Here is what I recommend instead:

try:
    container = Container(TimeoutHandler(url, msgs, CONFIG))
    container.run()
except socket.error as e:
    LOG.debug('container setup error (%s): %s', url, e)

_send_msgs should always pass. It returns list of un/sent messages so those which were succesfully sent can be deleted from the db queue, so we don't send them twice. We should log every error but I'm not sure if any of these should be terminating.

Ok. I think we should comment why we're doing this. Like this:

try:
    container = Container(TimeoutHandler(url, msgs, CONFIG))
    container.run()
except Exception as e:
    # It's ok if we don't send messages for any reason. We'll try again later.
    LOG.debug('container setup error (%s): %s', url, e)

rebased onto fd2b76e

2 years ago

It looks to me, that on_settled should work correctly also in this case. So 'context.msgs' should be in valid state.

Ok, I see that the docs for on_settled says, "This is the point at which it should never be retransmitted," [1] so hopefully unlikely that we'd have an error causing duplicate transmission. I guess the biggest risk there is a bug in our own on_settled handler, but it seems pretty simple and solid.

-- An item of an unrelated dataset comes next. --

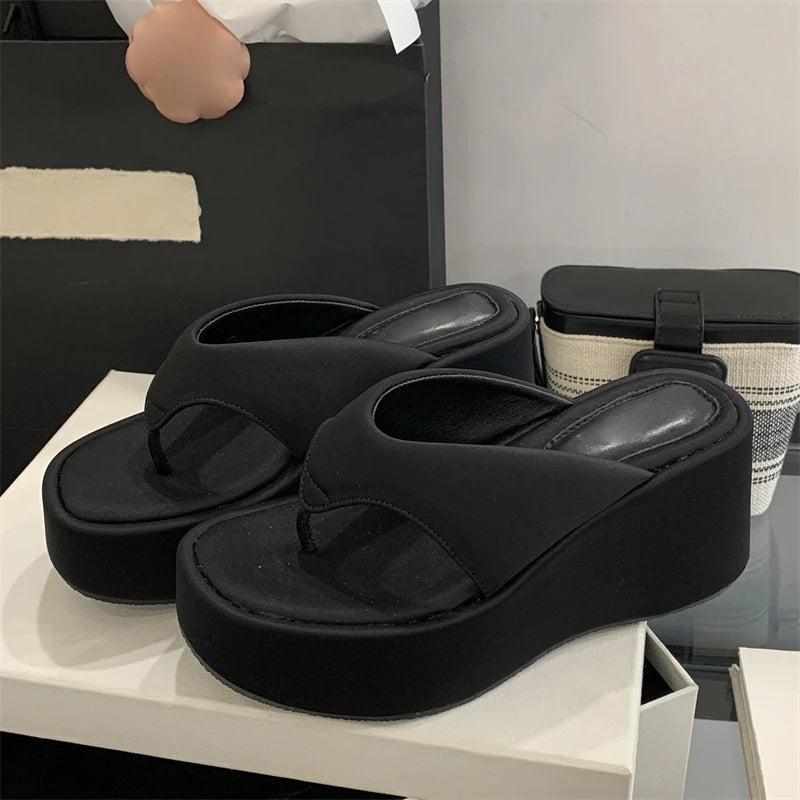 Prowler Sandal Wedge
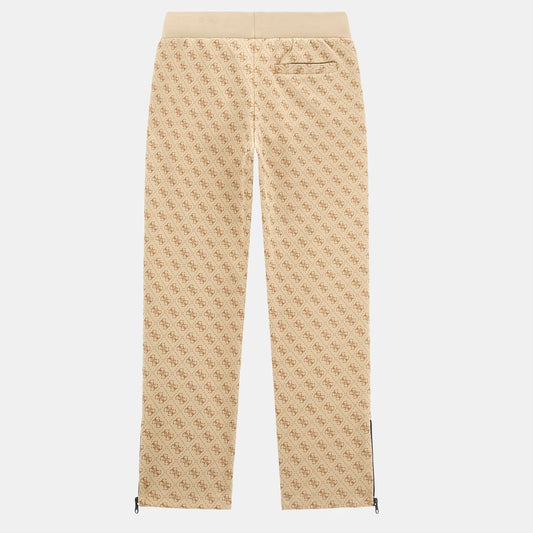 Trenerka të poshtme Guess Kids L4YQ18FL04Q P13W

[1] https://qpid.apache.org/releases/qpid-proton-0.32.0/proton/python/docs/overview.html

Metadata Update from @tkopecek:
- Pull-request tagged with: testing-ready

2 years ago

pretty please pagure-ci rebuild

2 years ago

Metadata Update from @mfilip:
- Pull-request tagged with: testing-done

2 years ago

Commit b94838b fixes this pull-request

Pull-Request has been merged by tkopecek

2 years ago